What to do ::
From the material below, please set down exactly the lines starting with the one with "The cause of" and going on through the one with "Don't Stand So", without a single picture.

Data listing ::
BEGIN

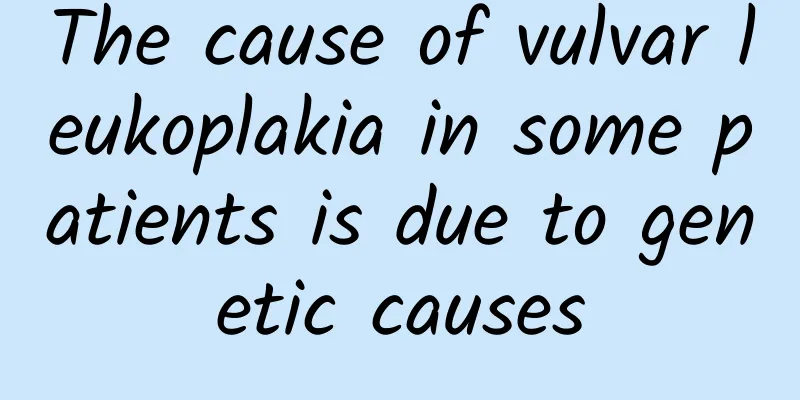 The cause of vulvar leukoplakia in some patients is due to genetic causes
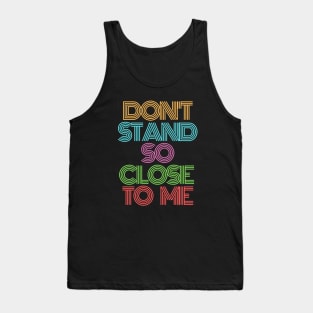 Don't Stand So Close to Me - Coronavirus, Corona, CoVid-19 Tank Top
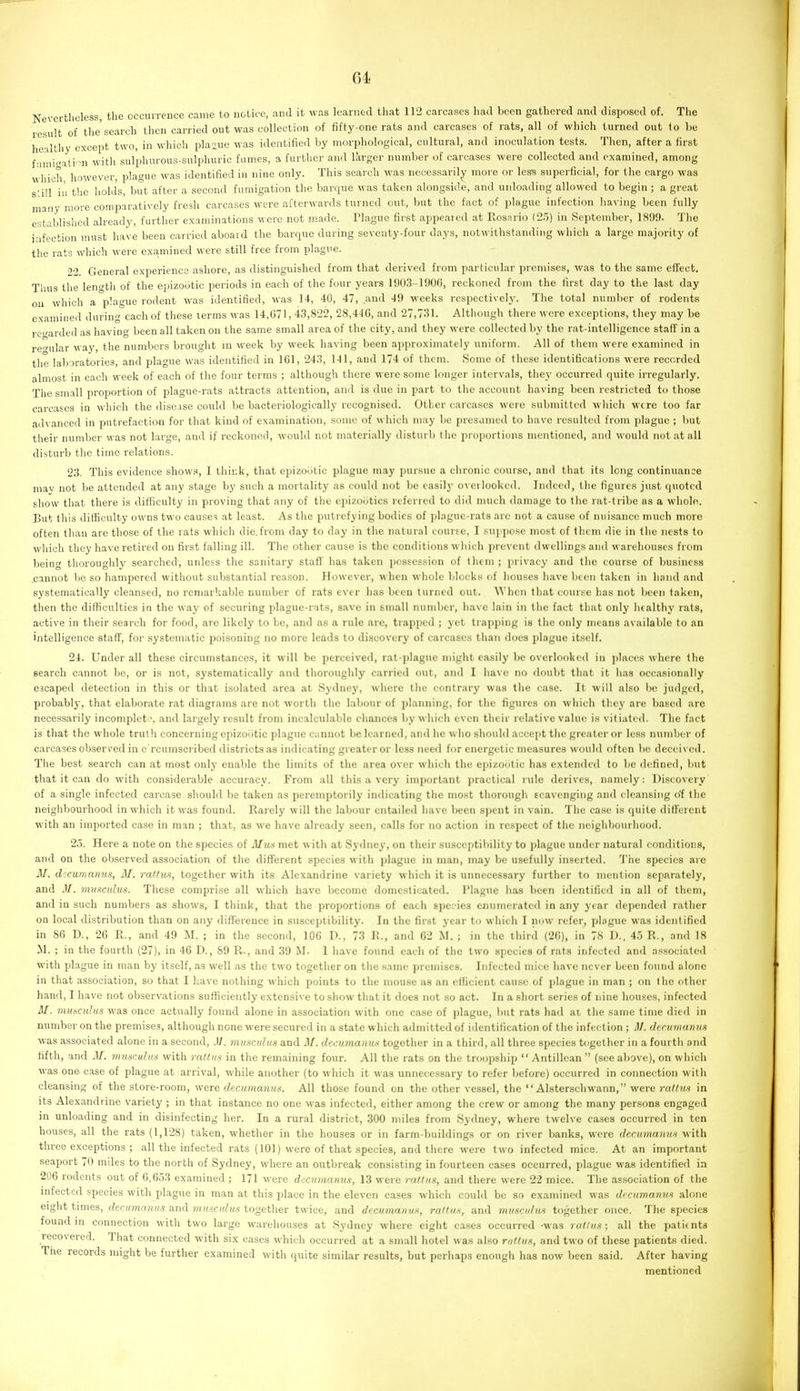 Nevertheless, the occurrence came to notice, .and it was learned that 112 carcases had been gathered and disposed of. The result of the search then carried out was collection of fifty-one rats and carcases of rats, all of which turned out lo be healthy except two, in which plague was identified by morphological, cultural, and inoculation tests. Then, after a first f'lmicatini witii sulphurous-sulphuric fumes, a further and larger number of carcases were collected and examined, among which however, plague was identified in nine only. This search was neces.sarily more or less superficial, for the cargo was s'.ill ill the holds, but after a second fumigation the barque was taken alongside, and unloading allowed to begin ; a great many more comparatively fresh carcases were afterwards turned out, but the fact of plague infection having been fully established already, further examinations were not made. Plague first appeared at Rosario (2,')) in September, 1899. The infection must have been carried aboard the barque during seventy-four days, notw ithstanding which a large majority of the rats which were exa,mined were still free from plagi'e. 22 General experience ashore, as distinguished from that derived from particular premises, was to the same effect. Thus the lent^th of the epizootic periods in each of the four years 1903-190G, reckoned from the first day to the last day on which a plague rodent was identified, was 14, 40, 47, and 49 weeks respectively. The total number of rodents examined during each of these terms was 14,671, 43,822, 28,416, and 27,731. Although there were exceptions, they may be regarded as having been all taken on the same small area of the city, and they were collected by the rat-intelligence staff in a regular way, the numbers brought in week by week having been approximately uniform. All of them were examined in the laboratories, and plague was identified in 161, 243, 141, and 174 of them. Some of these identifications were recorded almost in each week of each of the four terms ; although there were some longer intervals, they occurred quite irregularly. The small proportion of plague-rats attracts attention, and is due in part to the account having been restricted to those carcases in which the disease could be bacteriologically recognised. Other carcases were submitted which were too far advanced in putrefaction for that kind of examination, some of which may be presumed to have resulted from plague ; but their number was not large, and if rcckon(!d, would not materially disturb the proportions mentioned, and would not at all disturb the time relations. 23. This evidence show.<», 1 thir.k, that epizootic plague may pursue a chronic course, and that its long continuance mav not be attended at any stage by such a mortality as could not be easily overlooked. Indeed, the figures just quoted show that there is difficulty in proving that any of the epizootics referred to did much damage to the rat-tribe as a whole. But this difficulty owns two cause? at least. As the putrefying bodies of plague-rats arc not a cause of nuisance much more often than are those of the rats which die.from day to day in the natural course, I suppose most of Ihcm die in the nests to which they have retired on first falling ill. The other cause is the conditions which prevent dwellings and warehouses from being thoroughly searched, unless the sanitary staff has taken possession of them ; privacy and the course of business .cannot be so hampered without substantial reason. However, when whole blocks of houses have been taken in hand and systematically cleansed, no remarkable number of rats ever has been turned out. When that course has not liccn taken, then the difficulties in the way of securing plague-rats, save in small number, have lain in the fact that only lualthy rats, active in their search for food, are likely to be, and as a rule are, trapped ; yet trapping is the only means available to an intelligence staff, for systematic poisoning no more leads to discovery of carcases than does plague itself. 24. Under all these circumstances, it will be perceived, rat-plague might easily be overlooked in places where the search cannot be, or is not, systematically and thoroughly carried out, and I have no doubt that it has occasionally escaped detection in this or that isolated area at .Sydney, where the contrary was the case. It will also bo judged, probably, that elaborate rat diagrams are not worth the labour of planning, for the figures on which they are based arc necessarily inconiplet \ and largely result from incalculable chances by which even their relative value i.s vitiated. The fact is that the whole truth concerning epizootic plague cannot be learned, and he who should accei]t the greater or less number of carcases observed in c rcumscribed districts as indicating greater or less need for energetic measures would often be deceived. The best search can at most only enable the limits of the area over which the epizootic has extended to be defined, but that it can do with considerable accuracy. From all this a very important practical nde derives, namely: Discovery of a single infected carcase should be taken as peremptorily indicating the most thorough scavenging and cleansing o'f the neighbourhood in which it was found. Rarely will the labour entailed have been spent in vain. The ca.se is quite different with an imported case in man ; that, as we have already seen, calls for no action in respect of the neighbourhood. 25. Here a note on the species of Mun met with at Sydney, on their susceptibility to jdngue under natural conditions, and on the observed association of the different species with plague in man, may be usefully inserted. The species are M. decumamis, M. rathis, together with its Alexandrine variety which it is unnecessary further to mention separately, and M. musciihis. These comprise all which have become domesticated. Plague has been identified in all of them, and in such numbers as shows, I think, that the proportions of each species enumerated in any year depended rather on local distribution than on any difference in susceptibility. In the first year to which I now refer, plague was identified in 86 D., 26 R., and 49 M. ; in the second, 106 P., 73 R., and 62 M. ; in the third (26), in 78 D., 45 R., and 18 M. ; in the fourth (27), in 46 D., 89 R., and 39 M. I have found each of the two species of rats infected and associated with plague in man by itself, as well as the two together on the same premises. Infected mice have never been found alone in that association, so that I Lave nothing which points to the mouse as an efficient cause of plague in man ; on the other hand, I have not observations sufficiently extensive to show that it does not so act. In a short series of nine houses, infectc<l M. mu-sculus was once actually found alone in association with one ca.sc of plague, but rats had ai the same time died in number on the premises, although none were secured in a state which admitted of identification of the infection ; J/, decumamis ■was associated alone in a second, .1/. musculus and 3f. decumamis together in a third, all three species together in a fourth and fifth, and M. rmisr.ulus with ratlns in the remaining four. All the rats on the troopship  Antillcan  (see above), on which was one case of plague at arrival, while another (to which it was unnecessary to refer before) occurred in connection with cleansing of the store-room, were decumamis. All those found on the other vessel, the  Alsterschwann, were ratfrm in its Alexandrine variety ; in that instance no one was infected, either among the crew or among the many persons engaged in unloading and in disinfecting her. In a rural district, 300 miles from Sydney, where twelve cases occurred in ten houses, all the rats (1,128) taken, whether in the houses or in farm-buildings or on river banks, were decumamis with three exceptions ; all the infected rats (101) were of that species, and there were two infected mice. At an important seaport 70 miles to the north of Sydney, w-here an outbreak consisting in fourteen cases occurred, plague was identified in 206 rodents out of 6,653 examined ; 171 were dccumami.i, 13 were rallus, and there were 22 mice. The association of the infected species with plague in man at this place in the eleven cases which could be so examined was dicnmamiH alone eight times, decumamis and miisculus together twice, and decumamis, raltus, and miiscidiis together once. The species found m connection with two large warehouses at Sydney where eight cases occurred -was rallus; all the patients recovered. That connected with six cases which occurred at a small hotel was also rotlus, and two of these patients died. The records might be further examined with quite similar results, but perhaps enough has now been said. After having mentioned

END
BEGIN

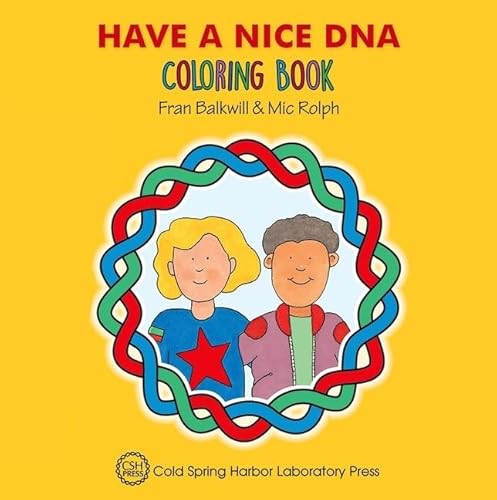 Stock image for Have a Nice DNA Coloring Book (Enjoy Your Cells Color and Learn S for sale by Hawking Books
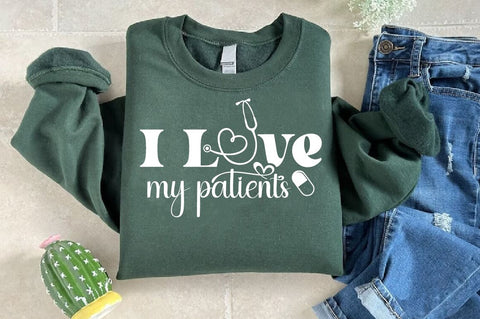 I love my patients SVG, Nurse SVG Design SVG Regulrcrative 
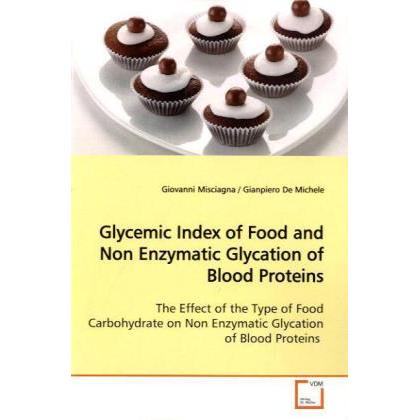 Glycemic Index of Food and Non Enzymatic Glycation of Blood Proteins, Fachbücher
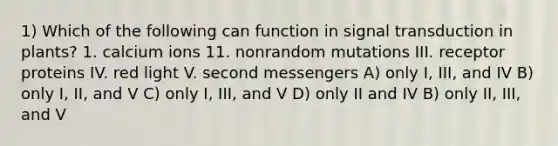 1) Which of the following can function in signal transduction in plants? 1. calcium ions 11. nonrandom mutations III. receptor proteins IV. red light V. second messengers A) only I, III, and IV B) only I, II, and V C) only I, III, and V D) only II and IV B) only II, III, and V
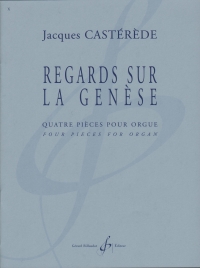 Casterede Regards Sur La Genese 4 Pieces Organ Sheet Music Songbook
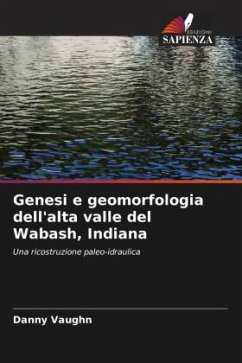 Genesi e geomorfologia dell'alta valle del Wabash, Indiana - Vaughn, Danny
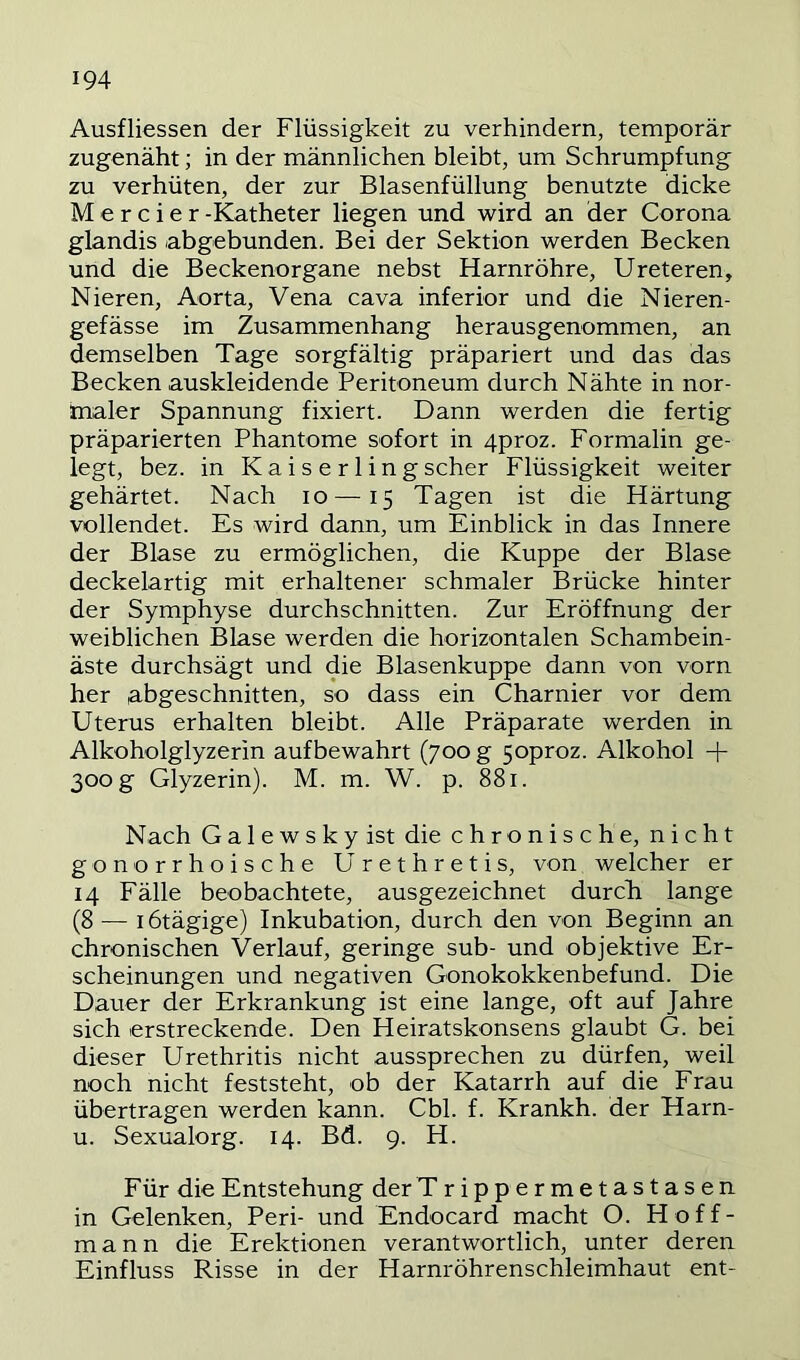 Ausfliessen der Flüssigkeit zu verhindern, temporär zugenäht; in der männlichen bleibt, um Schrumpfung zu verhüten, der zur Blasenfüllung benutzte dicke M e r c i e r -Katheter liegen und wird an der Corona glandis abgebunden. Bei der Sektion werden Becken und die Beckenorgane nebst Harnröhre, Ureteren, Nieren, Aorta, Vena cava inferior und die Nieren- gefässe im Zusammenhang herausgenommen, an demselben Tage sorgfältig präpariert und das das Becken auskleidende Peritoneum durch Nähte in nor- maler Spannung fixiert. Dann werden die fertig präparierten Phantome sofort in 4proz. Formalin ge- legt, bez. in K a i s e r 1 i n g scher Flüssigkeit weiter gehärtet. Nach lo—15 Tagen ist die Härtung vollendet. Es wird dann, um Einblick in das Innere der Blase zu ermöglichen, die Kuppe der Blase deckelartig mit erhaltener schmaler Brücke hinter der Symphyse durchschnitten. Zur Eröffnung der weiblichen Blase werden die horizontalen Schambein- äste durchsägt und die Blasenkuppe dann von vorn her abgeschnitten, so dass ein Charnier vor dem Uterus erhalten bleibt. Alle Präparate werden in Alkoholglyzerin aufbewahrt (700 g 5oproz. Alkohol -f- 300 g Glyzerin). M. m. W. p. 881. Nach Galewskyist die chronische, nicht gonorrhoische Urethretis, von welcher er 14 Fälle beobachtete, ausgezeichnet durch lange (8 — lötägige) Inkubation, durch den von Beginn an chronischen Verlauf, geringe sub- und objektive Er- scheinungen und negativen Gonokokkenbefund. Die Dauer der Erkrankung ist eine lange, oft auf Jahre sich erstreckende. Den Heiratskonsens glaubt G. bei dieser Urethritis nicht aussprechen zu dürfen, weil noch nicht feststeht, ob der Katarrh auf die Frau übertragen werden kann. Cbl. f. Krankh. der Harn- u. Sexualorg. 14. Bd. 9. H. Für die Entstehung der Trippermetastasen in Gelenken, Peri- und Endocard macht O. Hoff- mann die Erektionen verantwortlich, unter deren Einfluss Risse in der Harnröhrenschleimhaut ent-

END

Result of the exercise ::
 The cause of vulvar leukoplakia in some patients is due to genetic causes
 Don't Stand So Close to Me - Coronavirus, Corona, CoVid-19 Tank Top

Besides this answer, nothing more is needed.